The music is sensational, and the acting is uniformly strong; to my great surprise, Beyoncé is even persuasive with her portrayal of Etta James.

Unfortunately, the script for Cadillac Records is sloppy and disjointed, and the film's overall approach is amazingly clumsy. I've rarely seen a director who's both adept at coaxing solid performances from a cast, but inept when it comes to putting a film together.
Having successfully gotten Muddy Waters' (Jeffrey Wright, right) signature
sound on the radio, music impresario Leonard Chess (Adrien Brody) next
surprises his new colleague by unveiling a state-of-the-art recording studio,
where they can start producing and promoting their own stable of artists.

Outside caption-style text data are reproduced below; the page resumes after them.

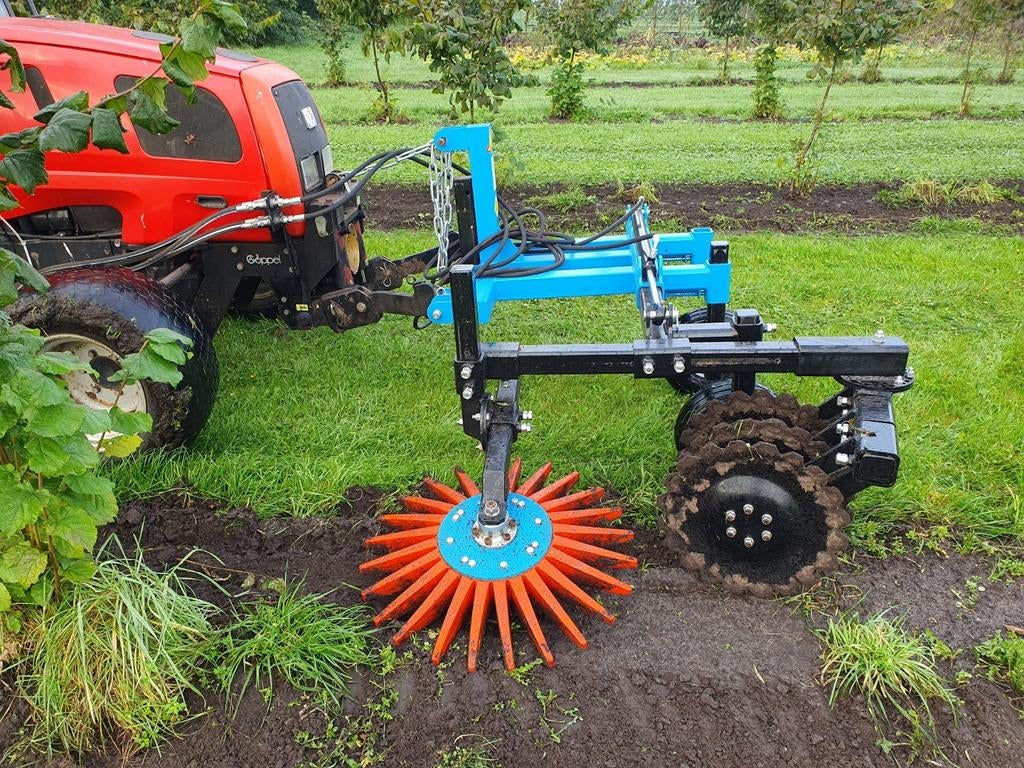 vingerwieder, Ophalen of Verzenden, Boomteelt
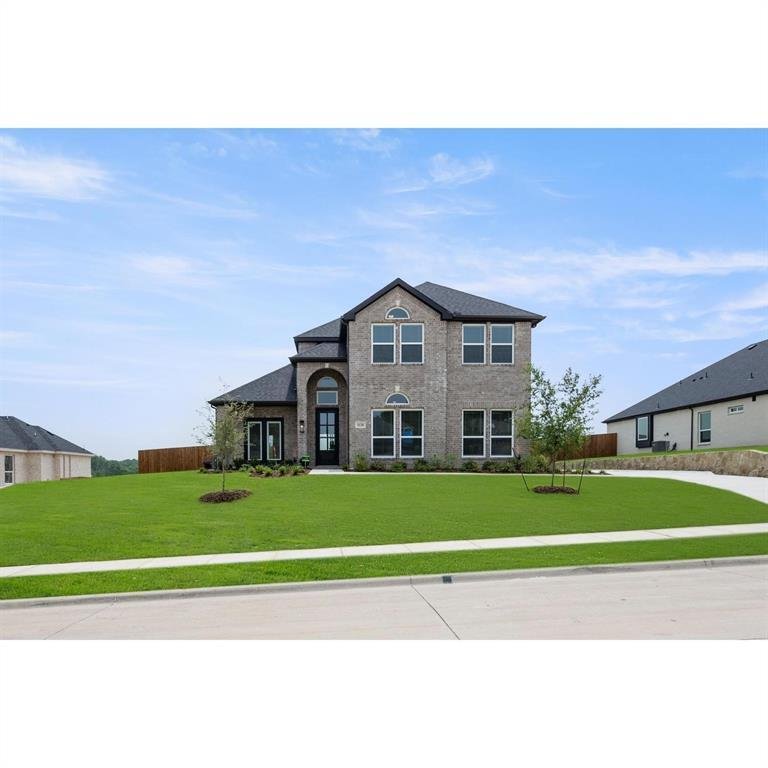 House in DeSoto, Texas, United States 1 - 17217453
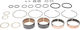 Prox Complete Front Suspension Bushing Yz125 250 250f 426f 450f '96-03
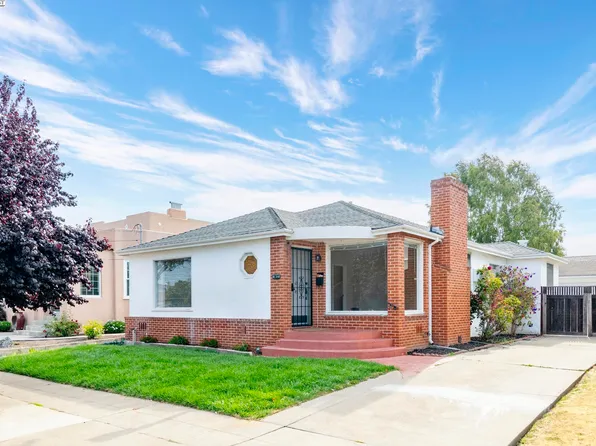 542 27th St, Richmond, CA 94804
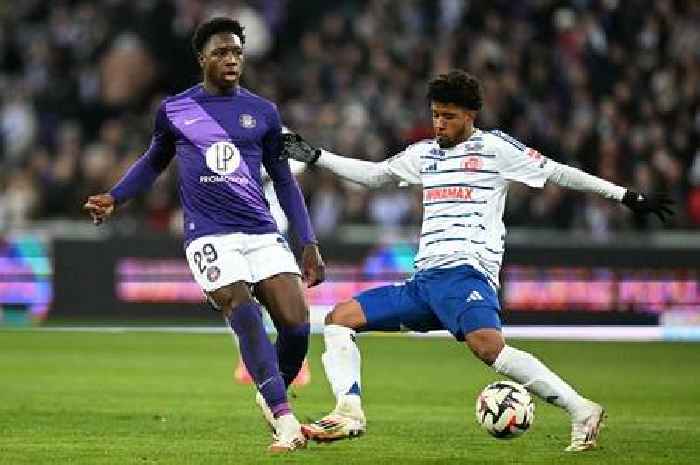 Aston Villa receive £17m transfer demand after bid rejected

That would be Darnell Martin, who both wrote and directed Cadillac Records. That her heart was in the right place is obvious; she clearly burned to shine a light on the evolution of Chess Records, the Chicago-based blues label that played such a major role in breaking down the American color barrier in the late 1950s and early '60s.

But passion isn't enough, when it comes to telling a cohesive story; Martin has made a movie that treats its key players with distressing superficiality.

The questions emerge with the first scene, as the perhaps unwholesomely ambitious Leonard Chess (Adrien Brody, appropriately gaunt and hungry) suddenly transforms from a junkyard dealer to an inner-city blues club owner. An interesting shift, to be sure ... and we're supposed to believe that he made it solely because of a stinging remark made by the father of a young woman caught compromised with him?

Did Chess have no prior interest in music? Was he really merely an "opportunistic Polish Jew," as this film so frequently — and pejoratively — suggests?

Actually, I take it back: Martin's first mistake comes even sooner, by having this saga narrated by a much older Willie Dixon (Cedric the Entertainer), looking back over the tempestuous rise of Chess Records. Ongoing voice-overs can add clarity and great dignity to a film — Forrest Gump comes to mind — or they can become an intrusive crutch, employed too frequently to patch over gaping narrative holes.

Martin's use of voice-overs, sadly, falls into the latter category.

She has better luck following the parallel, post-WWII backstory of Muddy Waters (Jeffrey Wright), a Deep-South sharecropper who, after hearing his own voice preserved by a primitive recording machine, decides that he needs to abandon his "slave shack" and make at least some attempt to share his sound with big-city denizens.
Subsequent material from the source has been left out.